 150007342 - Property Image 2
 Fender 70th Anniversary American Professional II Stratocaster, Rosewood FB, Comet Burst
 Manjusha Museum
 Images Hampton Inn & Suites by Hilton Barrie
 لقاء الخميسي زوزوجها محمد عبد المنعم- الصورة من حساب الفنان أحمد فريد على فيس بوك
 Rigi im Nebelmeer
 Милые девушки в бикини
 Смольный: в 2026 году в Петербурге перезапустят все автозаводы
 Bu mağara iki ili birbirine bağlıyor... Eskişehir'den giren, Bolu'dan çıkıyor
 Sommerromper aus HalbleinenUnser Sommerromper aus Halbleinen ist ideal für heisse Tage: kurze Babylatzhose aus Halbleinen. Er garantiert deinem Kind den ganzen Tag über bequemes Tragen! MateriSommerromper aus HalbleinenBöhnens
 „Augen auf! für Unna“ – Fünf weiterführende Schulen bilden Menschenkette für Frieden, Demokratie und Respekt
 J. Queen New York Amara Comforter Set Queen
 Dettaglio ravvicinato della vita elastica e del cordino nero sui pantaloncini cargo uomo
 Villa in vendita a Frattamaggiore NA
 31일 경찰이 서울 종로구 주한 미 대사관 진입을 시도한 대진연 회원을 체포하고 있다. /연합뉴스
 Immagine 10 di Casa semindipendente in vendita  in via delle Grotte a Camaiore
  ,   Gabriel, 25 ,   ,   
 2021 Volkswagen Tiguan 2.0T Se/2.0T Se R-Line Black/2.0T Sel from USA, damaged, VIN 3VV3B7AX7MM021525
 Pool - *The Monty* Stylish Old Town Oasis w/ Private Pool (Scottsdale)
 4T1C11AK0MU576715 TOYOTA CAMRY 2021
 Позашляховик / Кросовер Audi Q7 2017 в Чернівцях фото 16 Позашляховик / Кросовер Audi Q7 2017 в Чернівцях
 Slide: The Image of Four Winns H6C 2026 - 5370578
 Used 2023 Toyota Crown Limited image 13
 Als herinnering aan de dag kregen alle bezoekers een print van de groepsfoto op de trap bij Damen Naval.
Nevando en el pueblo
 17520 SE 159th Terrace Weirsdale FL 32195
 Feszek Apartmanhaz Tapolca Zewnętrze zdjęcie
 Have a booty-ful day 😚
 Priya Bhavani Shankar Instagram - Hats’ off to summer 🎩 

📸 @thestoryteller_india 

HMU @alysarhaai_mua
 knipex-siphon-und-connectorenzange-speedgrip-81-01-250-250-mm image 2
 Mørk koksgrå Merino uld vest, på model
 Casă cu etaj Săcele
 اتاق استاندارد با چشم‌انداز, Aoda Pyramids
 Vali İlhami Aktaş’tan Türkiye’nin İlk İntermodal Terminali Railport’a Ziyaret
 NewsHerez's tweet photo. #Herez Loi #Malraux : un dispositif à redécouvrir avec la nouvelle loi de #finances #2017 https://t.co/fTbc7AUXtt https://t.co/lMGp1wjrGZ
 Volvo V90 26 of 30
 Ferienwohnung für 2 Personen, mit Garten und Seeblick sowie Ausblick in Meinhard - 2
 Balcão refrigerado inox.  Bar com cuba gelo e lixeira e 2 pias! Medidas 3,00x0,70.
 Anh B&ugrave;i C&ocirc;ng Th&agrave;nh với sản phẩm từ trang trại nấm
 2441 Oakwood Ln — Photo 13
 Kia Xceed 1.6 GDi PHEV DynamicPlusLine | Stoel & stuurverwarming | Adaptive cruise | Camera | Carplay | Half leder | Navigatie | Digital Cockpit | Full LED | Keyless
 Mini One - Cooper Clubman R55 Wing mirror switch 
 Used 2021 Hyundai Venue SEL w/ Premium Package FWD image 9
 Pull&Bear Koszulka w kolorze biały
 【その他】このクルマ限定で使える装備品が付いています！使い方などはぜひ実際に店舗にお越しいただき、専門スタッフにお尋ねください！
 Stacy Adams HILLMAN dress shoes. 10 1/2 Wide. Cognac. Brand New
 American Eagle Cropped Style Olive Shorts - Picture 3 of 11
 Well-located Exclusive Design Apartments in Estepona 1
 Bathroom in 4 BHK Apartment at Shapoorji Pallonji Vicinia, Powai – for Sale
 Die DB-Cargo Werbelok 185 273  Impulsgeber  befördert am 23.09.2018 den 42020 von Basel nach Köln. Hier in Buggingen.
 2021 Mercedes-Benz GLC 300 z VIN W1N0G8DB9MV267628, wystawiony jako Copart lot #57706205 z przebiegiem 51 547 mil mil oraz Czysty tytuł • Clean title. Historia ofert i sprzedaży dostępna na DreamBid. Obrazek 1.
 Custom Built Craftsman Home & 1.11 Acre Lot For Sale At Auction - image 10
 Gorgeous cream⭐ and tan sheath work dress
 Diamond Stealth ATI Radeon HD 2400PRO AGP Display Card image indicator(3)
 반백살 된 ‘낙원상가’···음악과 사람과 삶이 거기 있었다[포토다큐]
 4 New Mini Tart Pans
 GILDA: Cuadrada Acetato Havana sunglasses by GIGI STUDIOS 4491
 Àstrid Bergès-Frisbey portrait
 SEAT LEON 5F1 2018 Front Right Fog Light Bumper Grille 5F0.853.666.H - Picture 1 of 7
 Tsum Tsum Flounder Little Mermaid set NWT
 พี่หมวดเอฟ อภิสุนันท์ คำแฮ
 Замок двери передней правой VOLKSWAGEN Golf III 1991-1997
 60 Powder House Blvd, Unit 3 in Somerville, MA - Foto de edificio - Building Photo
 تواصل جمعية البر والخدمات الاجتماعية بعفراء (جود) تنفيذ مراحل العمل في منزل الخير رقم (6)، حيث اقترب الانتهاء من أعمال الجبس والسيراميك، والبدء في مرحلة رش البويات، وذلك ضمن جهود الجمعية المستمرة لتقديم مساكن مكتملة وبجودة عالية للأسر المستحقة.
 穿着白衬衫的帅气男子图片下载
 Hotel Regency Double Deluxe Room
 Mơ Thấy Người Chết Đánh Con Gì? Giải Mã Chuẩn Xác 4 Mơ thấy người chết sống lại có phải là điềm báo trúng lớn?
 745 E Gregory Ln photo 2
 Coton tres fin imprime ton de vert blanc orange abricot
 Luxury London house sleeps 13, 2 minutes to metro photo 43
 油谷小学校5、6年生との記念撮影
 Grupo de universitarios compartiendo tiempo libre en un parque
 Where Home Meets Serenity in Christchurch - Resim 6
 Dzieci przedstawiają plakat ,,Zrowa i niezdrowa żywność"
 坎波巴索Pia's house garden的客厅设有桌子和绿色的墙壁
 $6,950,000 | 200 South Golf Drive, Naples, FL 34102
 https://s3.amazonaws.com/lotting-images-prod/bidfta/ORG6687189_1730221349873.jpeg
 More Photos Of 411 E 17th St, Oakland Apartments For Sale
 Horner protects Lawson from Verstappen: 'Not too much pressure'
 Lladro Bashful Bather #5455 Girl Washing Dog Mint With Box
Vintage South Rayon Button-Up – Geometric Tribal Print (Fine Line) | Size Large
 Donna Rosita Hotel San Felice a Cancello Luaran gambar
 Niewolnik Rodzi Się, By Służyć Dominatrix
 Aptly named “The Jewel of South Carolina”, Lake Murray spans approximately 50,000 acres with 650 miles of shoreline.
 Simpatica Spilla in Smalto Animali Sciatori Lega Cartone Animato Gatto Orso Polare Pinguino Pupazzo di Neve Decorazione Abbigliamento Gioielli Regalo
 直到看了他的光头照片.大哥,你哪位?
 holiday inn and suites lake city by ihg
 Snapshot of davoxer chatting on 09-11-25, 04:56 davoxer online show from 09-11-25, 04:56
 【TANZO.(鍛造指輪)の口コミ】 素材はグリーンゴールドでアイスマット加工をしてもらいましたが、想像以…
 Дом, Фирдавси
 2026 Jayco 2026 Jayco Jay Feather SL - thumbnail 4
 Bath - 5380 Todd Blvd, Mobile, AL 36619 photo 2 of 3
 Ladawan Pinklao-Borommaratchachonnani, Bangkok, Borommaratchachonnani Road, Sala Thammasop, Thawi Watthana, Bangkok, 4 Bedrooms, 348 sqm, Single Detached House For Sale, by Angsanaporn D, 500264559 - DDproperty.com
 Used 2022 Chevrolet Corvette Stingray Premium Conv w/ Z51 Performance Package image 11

### ASSIGNED TASK
Whenever the word "Premium" appears in a line of the listing, report that line.

### TASK RESULT
 Used 2021 Hyundai Venue SEL w/ Premium Package FWD image 9
 Used 2022 Chevrolet Corvette Stingray Premium Conv w/ Z51 Performance Package image 11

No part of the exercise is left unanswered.